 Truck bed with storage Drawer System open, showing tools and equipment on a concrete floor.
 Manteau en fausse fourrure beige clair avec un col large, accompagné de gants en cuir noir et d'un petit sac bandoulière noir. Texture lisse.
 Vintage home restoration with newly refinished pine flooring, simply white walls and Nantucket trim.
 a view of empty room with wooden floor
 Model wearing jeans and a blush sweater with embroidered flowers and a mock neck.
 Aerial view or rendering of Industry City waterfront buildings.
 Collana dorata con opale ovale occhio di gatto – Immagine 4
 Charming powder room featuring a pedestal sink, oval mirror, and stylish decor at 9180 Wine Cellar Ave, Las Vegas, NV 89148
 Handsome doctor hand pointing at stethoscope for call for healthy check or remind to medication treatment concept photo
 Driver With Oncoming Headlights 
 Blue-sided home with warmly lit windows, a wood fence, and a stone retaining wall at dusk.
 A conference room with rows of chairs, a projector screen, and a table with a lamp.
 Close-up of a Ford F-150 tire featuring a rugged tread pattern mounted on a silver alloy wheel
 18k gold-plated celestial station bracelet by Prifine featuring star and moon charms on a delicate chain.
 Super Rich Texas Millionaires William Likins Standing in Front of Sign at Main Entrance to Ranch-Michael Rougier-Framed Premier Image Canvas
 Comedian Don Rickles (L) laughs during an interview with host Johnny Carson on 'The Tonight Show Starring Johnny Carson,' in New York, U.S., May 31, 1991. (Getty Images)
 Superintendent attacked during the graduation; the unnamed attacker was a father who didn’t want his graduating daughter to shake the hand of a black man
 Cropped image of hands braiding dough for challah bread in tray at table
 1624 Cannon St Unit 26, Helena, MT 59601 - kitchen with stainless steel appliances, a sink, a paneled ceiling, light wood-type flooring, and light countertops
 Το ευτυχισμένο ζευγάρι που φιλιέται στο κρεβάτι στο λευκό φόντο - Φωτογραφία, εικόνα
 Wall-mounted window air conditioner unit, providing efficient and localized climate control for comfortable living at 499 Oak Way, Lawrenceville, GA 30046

------------------------------------------------------------------------

● **What you will do**
What you return should be the lines from the beginning of the records through the one that contains "18k gold-plated celestial", repeated exactly and with no additions.

● **Written answer**
 Truck bed with storage Drawer System open, showing tools and equipment on a concrete floor.
 Manteau en fausse fourrure beige clair avec un col large, accompagné de gants en cuir noir et d'un petit sac bandoulière noir. Texture lisse.
 Vintage home restoration with newly refinished pine flooring, simply white walls and Nantucket trim.
 a view of empty room with wooden floor
 Model wearing jeans and a blush sweater with embroidered flowers and a mock neck.
 Aerial view or rendering of Industry City waterfront buildings.
 Collana dorata con opale ovale occhio di gatto – Immagine 4
 Charming powder room featuring a pedestal sink, oval mirror, and stylish decor at 9180 Wine Cellar Ave, Las Vegas, NV 89148
 Handsome doctor hand pointing at stethoscope for call for healthy check or remind to medication treatment concept photo
 Driver With Oncoming Headlights 
 Blue-sided home with warmly lit windows, a wood fence, and a stone retaining wall at dusk.
 A conference room with rows of chairs, a projector screen, and a table with a lamp.
 Close-up of a Ford F-150 tire featuring a rugged tread pattern mounted on a silver alloy wheel
 18k gold-plated celestial station bracelet by Prifine featuring star and moon charms on a delicate chain.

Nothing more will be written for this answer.